=== PROBLEM DETAILS ===
The lines needed run from the one that contains "سالاد سزار مرغ" through the end of the material below, both included; write them out exactly, with no pictures.

==== RAW DATA

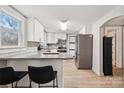 Bright, updated kitchen featuring stainless steel appliances, granite countertops, and a breakfast bar at 5483 Paulmo Dr, Charlotte, NC 28216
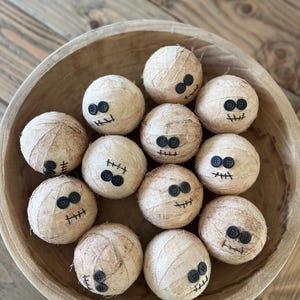 May include: A collection of eleven spherical objects wrapped in beige fabric strips to resemble mummies. Each sphere features two black button eyes and a stitched black thread mouth, arranged together inside a large, round, light brown wooden bowl.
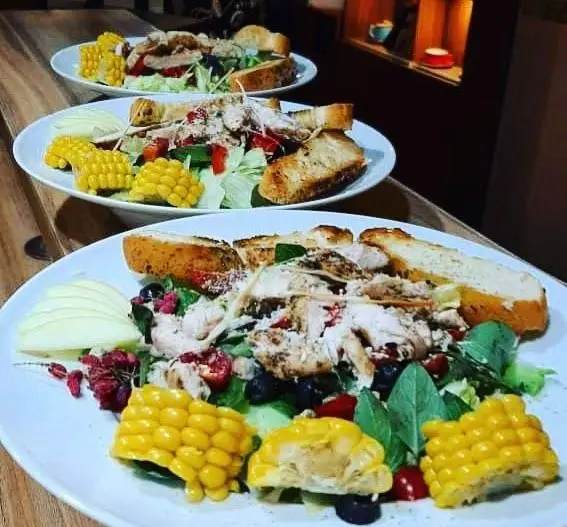 سالاد سزار مرغ تازه کافه رستوران مکث: سه پرس جذاب با مرغ گریل، ذرت، سیب و نان تست بر روی میز چوبی.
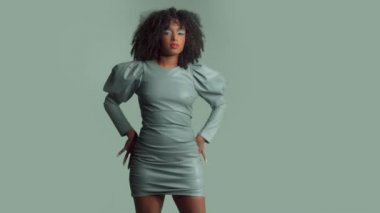 Stüdyoda deri elbiseli, kıvırcık saçlı, melez bir kadın.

========

=== SOLUTION TO THE EXERCISE ===
 سالاد سزار مرغ تازه کافه رستوران مکث: سه پرس جذاب با مرغ گریل، ذرت، سیب و نان تست بر روی میز چوبی.
 Stüdyoda deri elbiseli, kıvırcık saçlı, melez bir kadın.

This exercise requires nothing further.